Here's the question - when my GS is on it's centerstand, not running, and in gear, should the rear wheel be able to rotate at all? I'm getting probably about 5 degrees of rotation. I checked after hearing a bit of a "clunk" upon light acceleration/deceleration. I was on and off the throttle in 1st gear at low speed. My progress was intentionally jerky as I was trying to jostle around the Jesse bags to see if they were loose.

The bike is new to me and has 45k miles. I've been going over the bike very carefully and it's in great shape and well maintained. It recently had a service at a BMW shop in Omaha. The p.o. asked them if it would need anything in the near future after they gave it a pretty thorough go over including FD fluid change. Their reply - "Maybe a final drive overhaul at 90k miles, but for now everything is good.". So it was given a clean bill of health, but still I have to wonder.

TIA

roborider
05-03-2009, 01:31 AM
The wheel will rotate about 1.5 inches in the situation you describe. That's normal lash. Don't know about the clunk though.

Robo

deilenberger
05-03-2009, 02:37 AM
Normal. The clunk is taking up all the slack in the gears in the rear drive and the transmission.

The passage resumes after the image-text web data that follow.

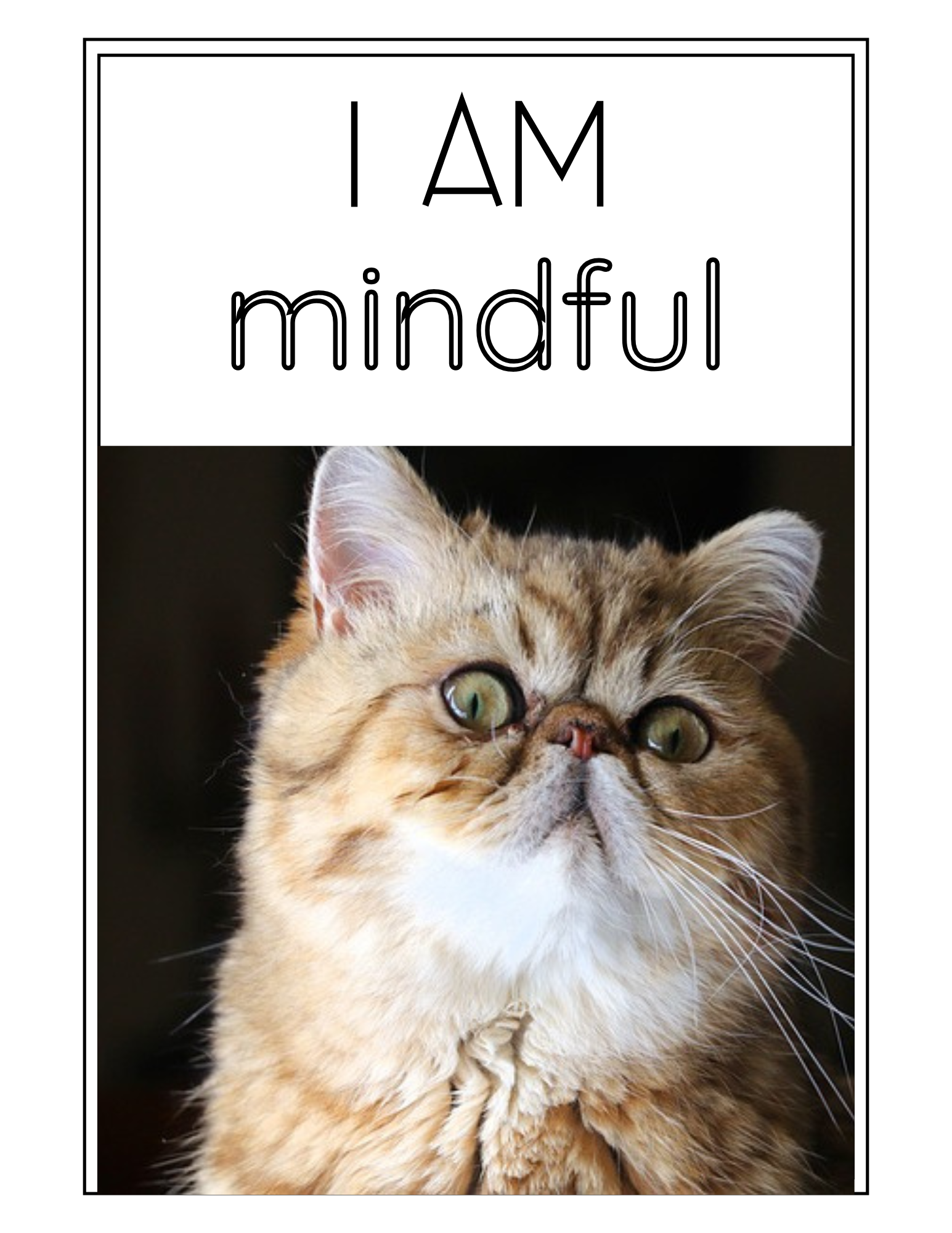 Positive Affirmations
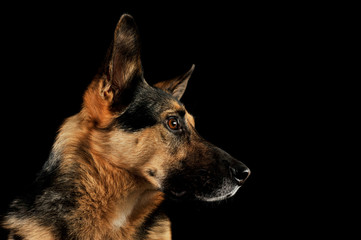 Portrait of an adorable German shepherd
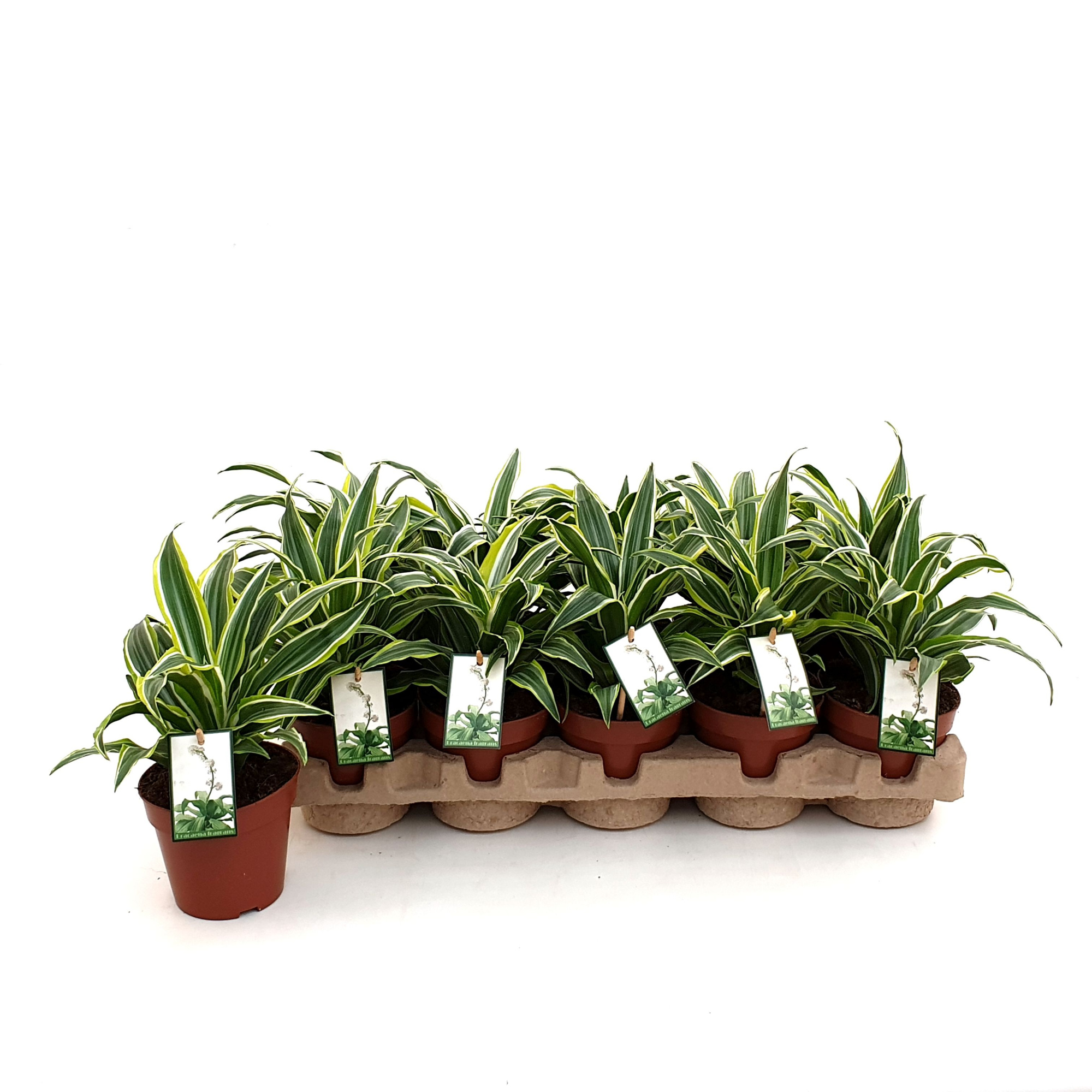 Dracaena Surprise in EcoExpert tray met luxe etiket, D 12 cm
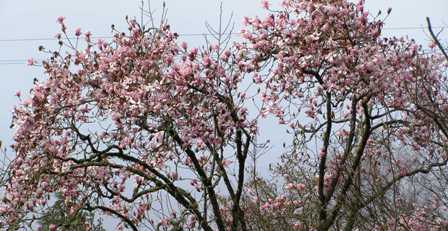 Magnolia sargentiana robusta came through last week's winter unscathed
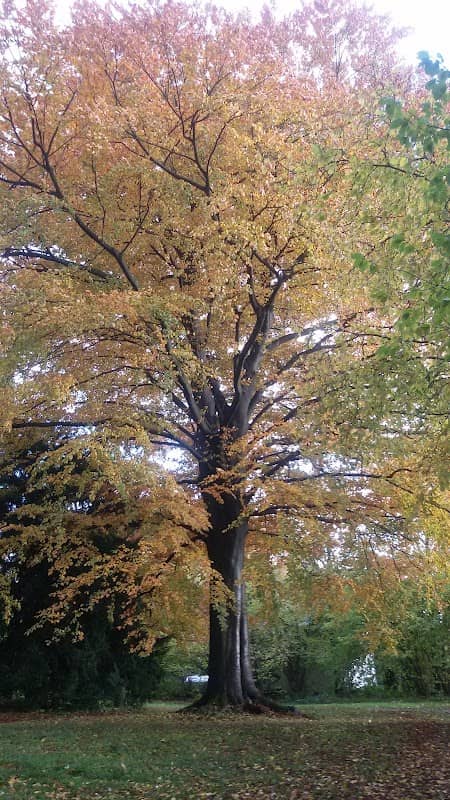 Tillmanns Park - Image 1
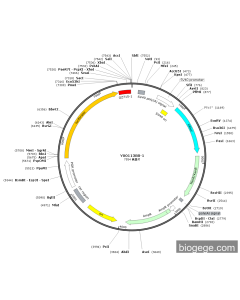 pmirGLO-IL6-m-3UTR(mut)
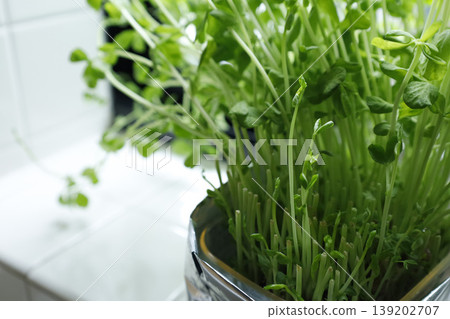 Fresh pea sprouts grown on a kitchen windowsill - an image of hydroponics. Fresh pea sprouts grown on a kitchen windowsill - an image of hydroponics. 139202707
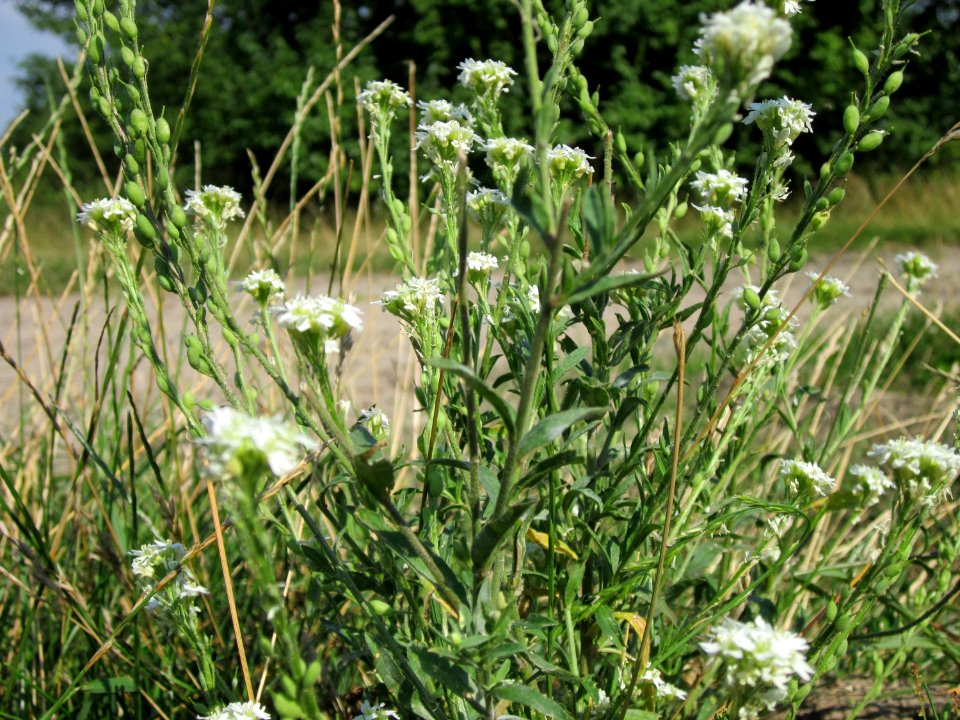 20120725Berteroa_incana2
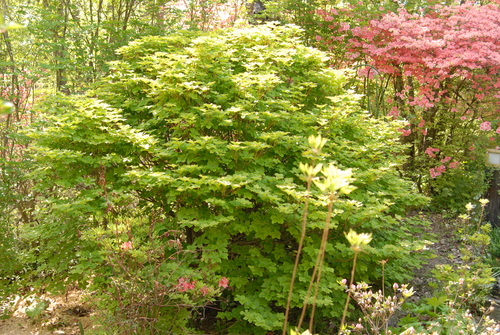 e0151566_20105297.jpg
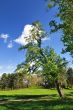 Spring in park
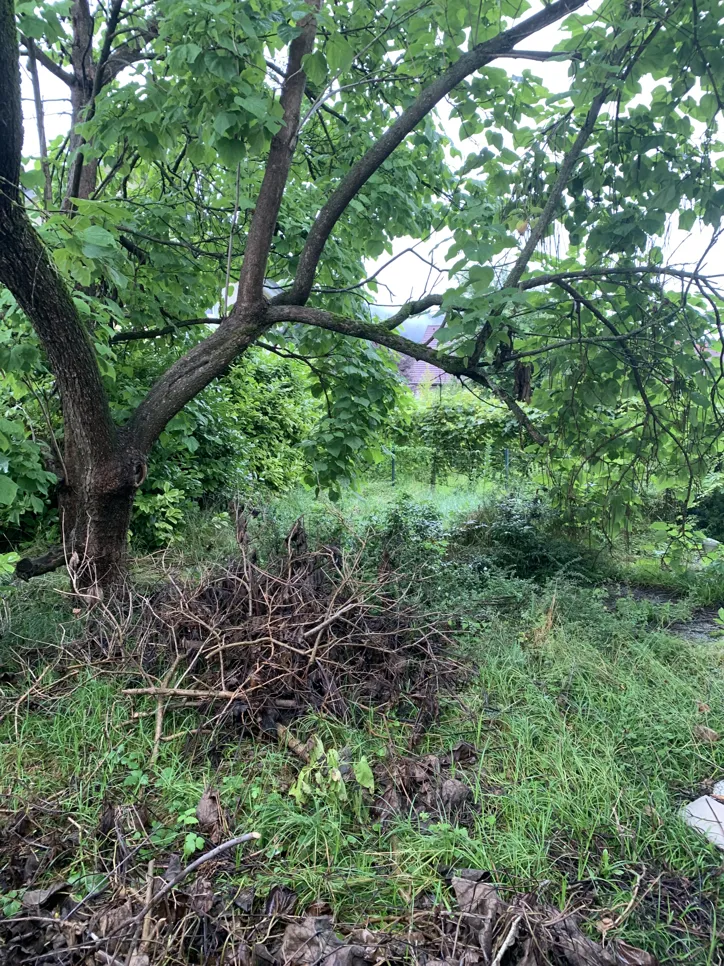 Zapušteni vrt u dvorištu ispunjen bujnim drvećem i hrpom suhog granja na tlu.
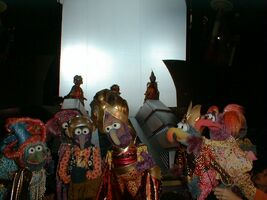 Gonzo species2.jpg (171 KB)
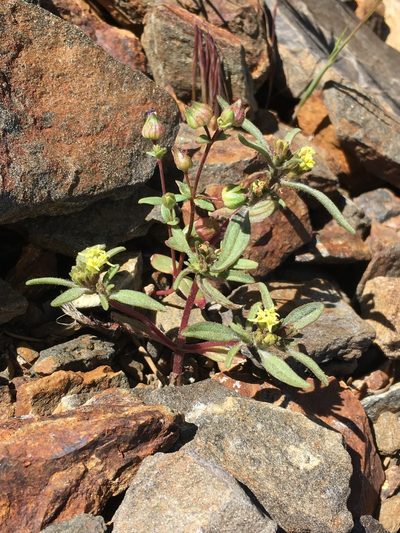 Collinsia callosa, photographed by Matt Berger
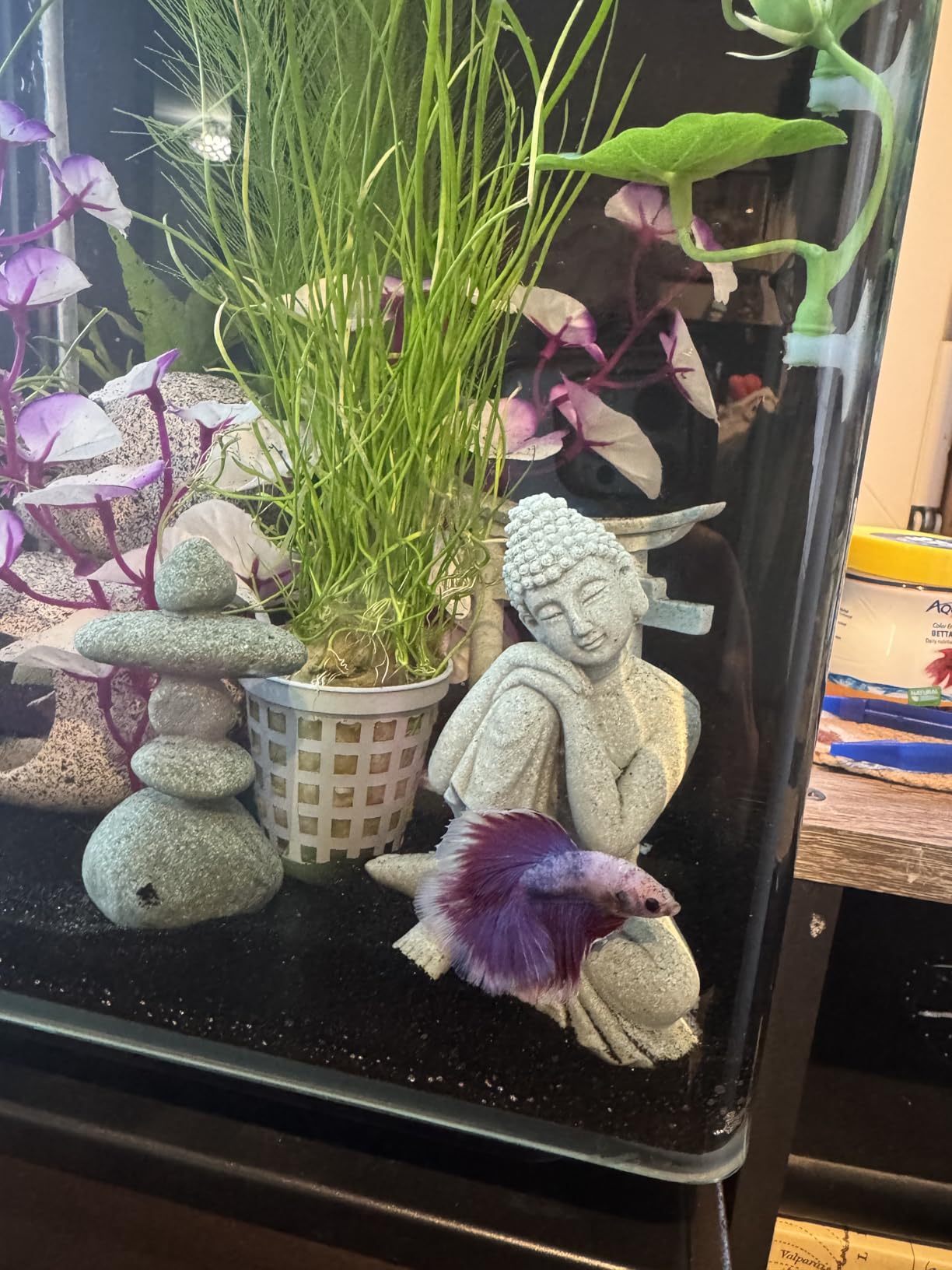 Little Buddha Statue for Home - Handmade Stone Meditation Sitting Buddha Figurine, Baby Buddha Statue Indoor/Outdoor customer photo 2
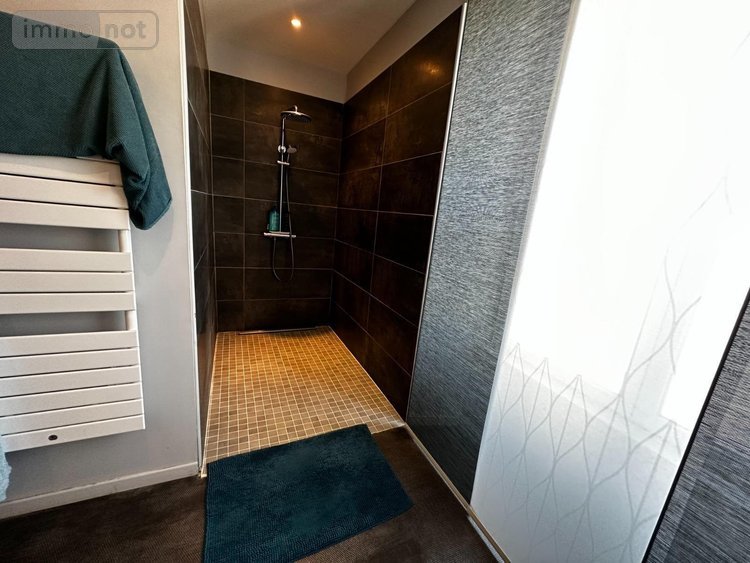 Maison a vendre Cézy 89410 Yonne 313 m2 9 pièces 349000 euros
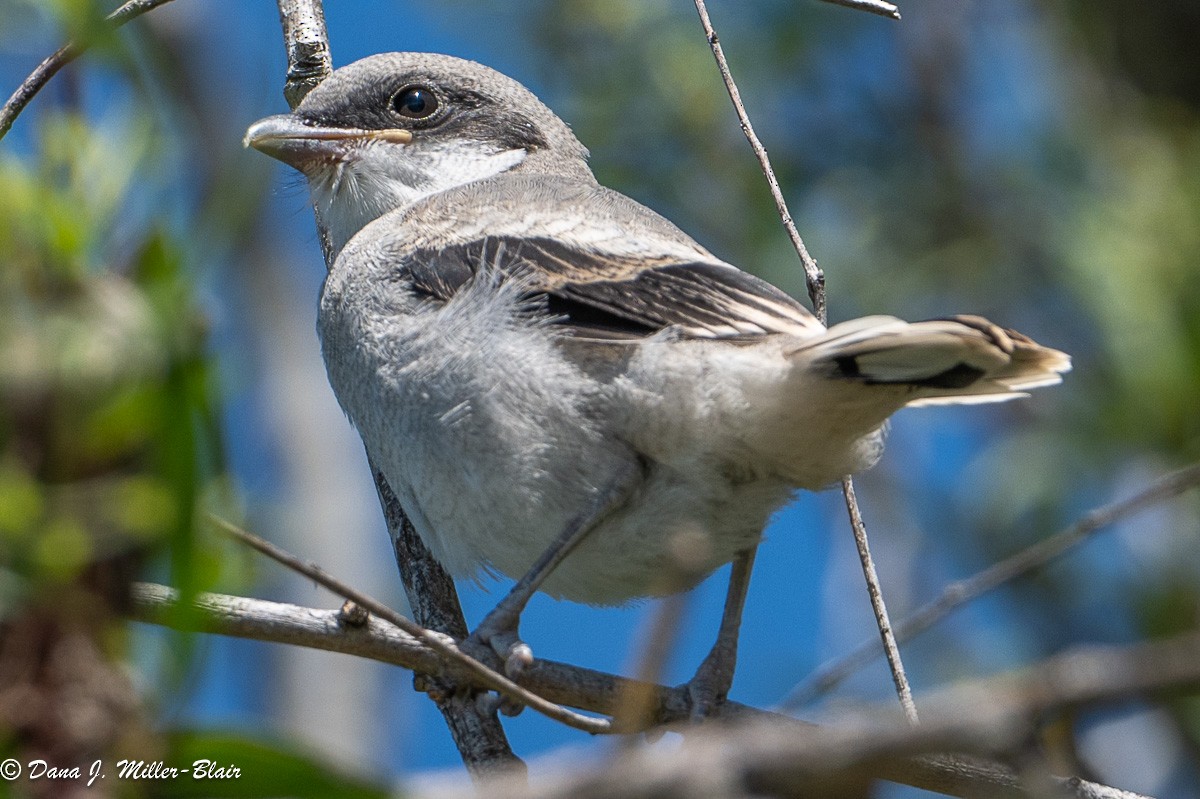 Pie-grièche migratrice - ML618392637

It's a non issue.. ride on with a happy and content mind. :bikes

nevada72
05-03-2009, 02:49 AM
That's a relief. Thanks guys!:D

roborider
05-03-2009, 01:11 PM
My 05 RT doesn't 'clunk', but I could see it described as that. First gear is windy, and opening and closing the throttle will jerk you around a bit, especially on fuel injected vs. carbureted bikes. I tend to lug and feather clutch second in a parking lot more than just use 1st gear with the clutch fully engaged: that's jerky and hard to control. Dragging the rear brake a bit can dampen this effect. Mostly, getting used to the bike, being easy on the throttle in 1st gear, and feathering the clutch will take care of the issue. Once you get moving and riding, you won't notice it, especially if you are riding smoothly and correctly.

nevada72
05-03-2009, 01:57 PM
... getting used to the bike, being easy on the throttle in 1st gear, and feathering the clutch will take care of the issue. Once you get moving and riding, you won't notice it, especially if you are riding smoothly and correctly.


It ony happened when I did it intentionally (on and off the throttle repeatedly in 1st gear) to find noises. Other than that I am a smooth rider. :D

roborider
05-04-2009, 01:01 AM
Oh yeah, I didn't mean to impugn your skills. It was more a general reply to anyone reading.